Not drawing any lessons, India which is home to 45,000 plant species,
merrily goes on documenting traditional knowledge. Plant and soil samples
are being regularly flown out of the country in the name of joint research
collaboration. Some years back, Prime Minister Atal Bihari Vajpayee's
directive to the Indian Council of Agricultural Research (ICAR) – the
umbrella organisation for public-sector agricultural research – not to allow
individual institutes to go into scientific collaboration with research
institutes abroad, was met with a strong opposition. ICAR has in fact
announced a prize of Rs 5,000 for the best contribution of traditional
knowledge that it manages to document every year.

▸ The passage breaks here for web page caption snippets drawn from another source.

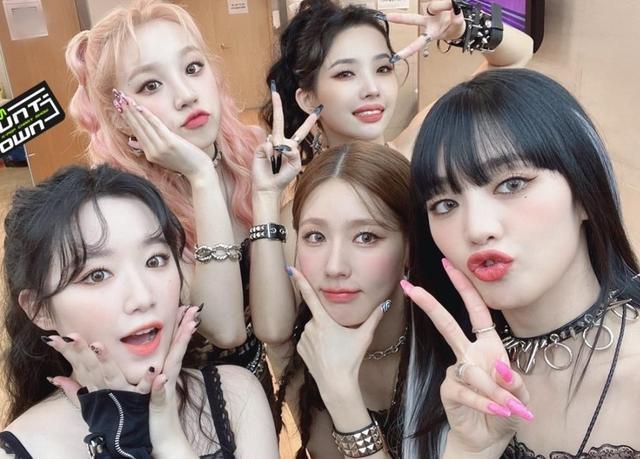 gi_gidle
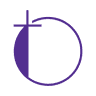 Mount Olivet Lutheran Church West Campus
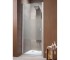 Душові двері 70 см RADAWAY EOS DWJ 37983-01-12N 37983-01-12N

The Council for Scientific and Industrial Research (CSIR) too is involved
with documenting traditional knowledge without first ascertaining the flow
of benefits, if any. Both the organisations support a network of civil
society groups and institutes that receive a nominal funding in the name of
documentation of innovations. Interestingly, the benefit that flows back to
the community is a series of annual awards, which includes a small cash
component and a plaque. And invariably, it is the 'empowering of local
communities' and 'equitable benefit sharing' that is used to justify the
misdemeanour. Both the government agencies in reality are busy selling the
'green gold' literally for peanuts, not realising that plant and animal
biodiversity is to India (and for that to other developing countries) what
oil has been for the Middle East.

The debate however will go on, and the corporations and the research
institutes will continue to exploit the local communities for traditional
knowledge. What therefore needs to be done immediately so to draw the
international attention to this vexed problem, is to follow what Mexico did
to a mischievous ICBG programme for bioprospecting. A five-year US
government initiative "Drug Discovery and Biodiversity among the Maya of
Mexico" aimed at identifying, patenting and commercialising Mayan knowledge
and pharmacologically important biological materials through private
biopharmaceutical enterprise and the University of Georgia, was finally
shelved after two years. The project intended to collect and evaluate
thousands of plants and microorganism used in traditional medicine by Mayan
communities in order to promote drug discovery. It also proposed to patent
and privatise resources and knowledge.

Many indigenous communities opposed the commercial exploitation of their
genetic resources and traditional knowledge, even though the project was
designed to foster benefit sharing so that local communities could derive
benefits from their biological resources. After two years of local
opposition from indigenous peoples' organizations in Chiapas, the
bioprospecting project was finally cancelled.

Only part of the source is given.